Last year’s approved budget was $24.8 million, but Springs has yet to release a hard number for 2012-13.
At a budget workshop on Feb. 29, Kathee Burke Gonzalez, the school board president, introduced Colleen Card, the school’s business administrator, to discuss the high school tuition rates, and some other salient points.
“The rules of engagement have changed,” Ms. Burke Gonzalez said. She called the decisions to be made this year “critical.”
Last year, Springs paid $25,677 per high school student to the East Hampton school district. This year, per the tuition contract signed last year, the price rises to $27,345 per student, more than 6 percent. This year there were 273 Springs students at the high school, but there are 8 fewer expected in the 2012-13 school year. Because of increased tuition costs, however, the tuition amount due to East Hampton will climb from $7.01 million to $7.24 million.

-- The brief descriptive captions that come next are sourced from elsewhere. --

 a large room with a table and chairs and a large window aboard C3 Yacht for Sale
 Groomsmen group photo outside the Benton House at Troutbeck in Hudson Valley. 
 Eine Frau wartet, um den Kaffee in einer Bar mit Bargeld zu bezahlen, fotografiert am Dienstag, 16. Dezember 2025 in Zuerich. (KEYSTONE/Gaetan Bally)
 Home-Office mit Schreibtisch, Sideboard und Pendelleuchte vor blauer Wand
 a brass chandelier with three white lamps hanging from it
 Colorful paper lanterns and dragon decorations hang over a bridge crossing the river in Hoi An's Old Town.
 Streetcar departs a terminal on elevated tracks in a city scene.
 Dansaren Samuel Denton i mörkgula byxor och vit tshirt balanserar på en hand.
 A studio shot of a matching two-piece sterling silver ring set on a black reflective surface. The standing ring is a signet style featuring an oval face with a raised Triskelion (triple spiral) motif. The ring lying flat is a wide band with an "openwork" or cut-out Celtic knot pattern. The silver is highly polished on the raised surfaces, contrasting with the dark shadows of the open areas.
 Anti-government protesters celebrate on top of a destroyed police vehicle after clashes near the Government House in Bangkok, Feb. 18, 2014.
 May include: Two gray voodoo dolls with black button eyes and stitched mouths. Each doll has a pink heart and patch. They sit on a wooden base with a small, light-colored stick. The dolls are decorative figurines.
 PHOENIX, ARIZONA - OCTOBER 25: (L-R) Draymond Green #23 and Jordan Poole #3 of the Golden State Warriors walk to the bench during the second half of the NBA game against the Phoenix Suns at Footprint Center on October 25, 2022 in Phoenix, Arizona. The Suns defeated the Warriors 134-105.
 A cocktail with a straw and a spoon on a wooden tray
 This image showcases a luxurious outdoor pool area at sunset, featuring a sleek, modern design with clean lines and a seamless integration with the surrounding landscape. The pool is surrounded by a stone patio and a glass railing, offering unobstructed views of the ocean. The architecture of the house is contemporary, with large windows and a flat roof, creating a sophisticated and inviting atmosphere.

The tuition for students with disabilities at the high school has jumped from $55,292 per student to $63,114. There are six Springs students with disabilities at the high school this year, and two more are expected to join them next year. The Springs principal, Eric Casale, said that he had reviewed the school’s special education programs and “to not only meet their needs but also be fiscally responsible,” the decision has been made to subtract one special education educator from next year, “either by excessing or through retirement,” he said.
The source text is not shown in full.